** Available data follows **

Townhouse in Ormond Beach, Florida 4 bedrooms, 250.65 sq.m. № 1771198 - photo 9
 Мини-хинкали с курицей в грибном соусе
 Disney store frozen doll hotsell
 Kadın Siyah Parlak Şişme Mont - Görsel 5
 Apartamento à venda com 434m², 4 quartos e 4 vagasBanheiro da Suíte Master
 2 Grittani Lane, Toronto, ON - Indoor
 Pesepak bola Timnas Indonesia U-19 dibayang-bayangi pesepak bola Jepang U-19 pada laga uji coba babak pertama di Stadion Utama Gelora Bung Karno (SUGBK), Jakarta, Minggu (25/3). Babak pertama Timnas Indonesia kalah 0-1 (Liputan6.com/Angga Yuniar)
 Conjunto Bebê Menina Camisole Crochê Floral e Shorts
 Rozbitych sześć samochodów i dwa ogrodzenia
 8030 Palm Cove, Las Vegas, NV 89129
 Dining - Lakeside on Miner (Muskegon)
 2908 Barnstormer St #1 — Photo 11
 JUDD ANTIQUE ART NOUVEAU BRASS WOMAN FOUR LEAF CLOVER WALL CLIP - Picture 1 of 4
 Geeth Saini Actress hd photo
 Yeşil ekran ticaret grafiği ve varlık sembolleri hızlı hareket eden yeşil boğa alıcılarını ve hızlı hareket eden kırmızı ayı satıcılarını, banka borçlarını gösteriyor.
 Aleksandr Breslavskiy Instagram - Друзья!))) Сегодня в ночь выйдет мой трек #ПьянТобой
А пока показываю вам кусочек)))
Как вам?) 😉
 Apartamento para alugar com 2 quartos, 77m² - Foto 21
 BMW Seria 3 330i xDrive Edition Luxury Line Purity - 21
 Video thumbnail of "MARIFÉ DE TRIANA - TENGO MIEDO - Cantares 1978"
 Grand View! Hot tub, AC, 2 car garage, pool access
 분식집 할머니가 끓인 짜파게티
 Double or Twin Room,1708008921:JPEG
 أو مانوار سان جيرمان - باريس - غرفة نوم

** End of Available data **

About this exercise
Restate each entry exactly, skipping none.

Finished task
Townhouse in Ormond Beach, Florida 4 bedrooms, 250.65 sq.m. № 1771198 - photo 9
 Мини-хинкали с курицей в грибном соусе
 Disney store frozen doll hotsell
 Kadın Siyah Parlak Şişme Mont - Görsel 5
 Apartamento à venda com 434m², 4 quartos e 4 vagasBanheiro da Suíte Master
 2 Grittani Lane, Toronto, ON - Indoor
 Pesepak bola Timnas Indonesia U-19 dibayang-bayangi pesepak bola Jepang U-19 pada laga uji coba babak pertama di Stadion Utama Gelora Bung Karno (SUGBK), Jakarta, Minggu (25/3). Babak pertama Timnas Indonesia kalah 0-1 (Liputan6.com/Angga Yuniar)
 Conjunto Bebê Menina Camisole Crochê Floral e Shorts
 Rozbitych sześć samochodów i dwa ogrodzenia
 8030 Palm Cove, Las Vegas, NV 89129
 Dining - Lakeside on Miner (Muskegon)
 2908 Barnstormer St #1 — Photo 11
 JUDD ANTIQUE ART NOUVEAU BRASS WOMAN FOUR LEAF CLOVER WALL CLIP - Picture 1 of 4
 Geeth Saini Actress hd photo
 Yeşil ekran ticaret grafiği ve varlık sembolleri hızlı hareket eden yeşil boğa alıcılarını ve hızlı hareket eden kırmızı ayı satıcılarını, banka borçlarını gösteriyor.
 Aleksandr Breslavskiy Instagram - Друзья!))) Сегодня в ночь выйдет мой трек #ПьянТобой
А пока показываю вам кусочек)))
Как вам?) 😉
 Apartamento para alugar com 2 quartos, 77m² - Foto 21
 BMW Seria 3 330i xDrive Edition Luxury Line Purity - 21
 Video thumbnail of "MARIFÉ DE TRIANA - TENGO MIEDO - Cantares 1978"
 Grand View! Hot tub, AC, 2 car garage, pool access
 분식집 할머니가 끓인 짜파게티
 Double or Twin Room,1708008921:JPEG
 أو مانوار سان جيرمان - باريس - غرفة نوم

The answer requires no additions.